After having transformed Ladakh’s educational system, a grassroots reform movement is now struggling against vendettas spearheaded by those in the bureaucracy.

Ladakh has always held a unique place in India's political landscape. Physically cut off from New Delhi by the Zanskar range, and administered from afar by the Jammu & Kashmir state government, Ladakh struggled for decades with the effects of unresponsive governance. Nowhere were those effects more visible than in the territory's government schools. Students and their parents made do with absent teachers, inappropriate curricula and a matriculation percentage that sat firmly in the single digits.

In 1994, villagers, local education-department officials and civil-society organisations of Leh District came together, at the behest of the Students' Educational and Cultural Movement of Ladakh (SECMOL), to launch a movement dubbed Operation New Hope. The goal was to overhaul the territory's schools, and the time proved ripe for just such a large-scale reform movement. Test scores improved, attendance went up and local communities gained a critical feeling of involvement in their school systems. Suddenly, however, within a period of just months, all of these gains have become endangered.

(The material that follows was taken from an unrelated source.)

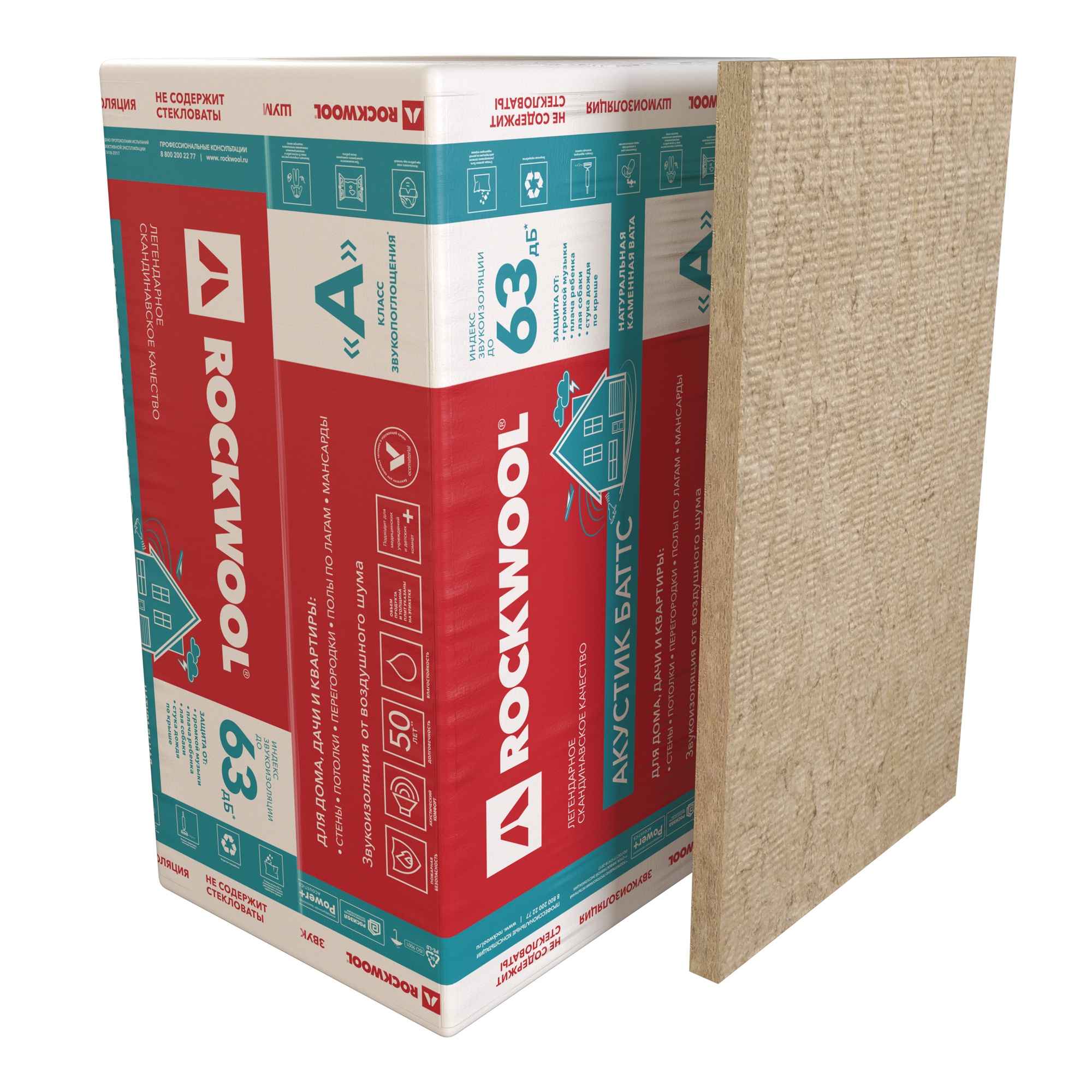 Утеплитель ROCKWOOL Акустик Баттс 1000*600*100 мм (0,3  м²)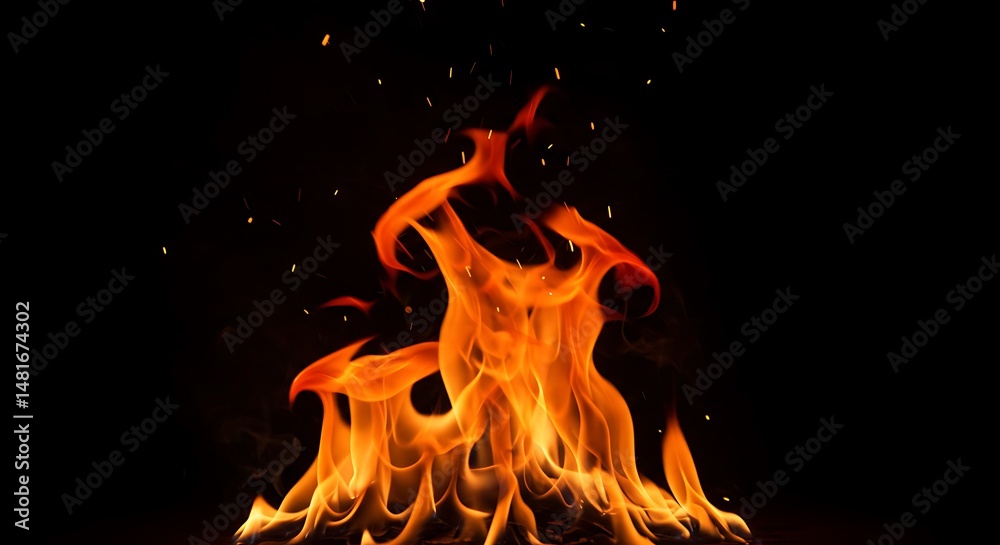 Obraz premium Realistic Flames Rising on Black Background in Ultra HD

In the decades prior to 1994, Ladakh's education system was plagued with problems at every level. Although government schools were scattered throughout the area, many were located in remote mountain villages, and teachers often faced immense difficulties simply in getting to their post. Once they did arrive, they found themselves without accommodation and with only limited supplies. As a result, teaching posts were frequently left unfilled for months at a time.

Even the most dedicated teachers were insufficiently trained, and saddled with curricula and teaching materials irrelevant to local contexts. Primary schools used the national Indian textbooks, and students, for instance, had to learn from language and science textbooks that used mangoes, coconuts and banyan trees as examples – all of them alien to Ladakh's highland topography.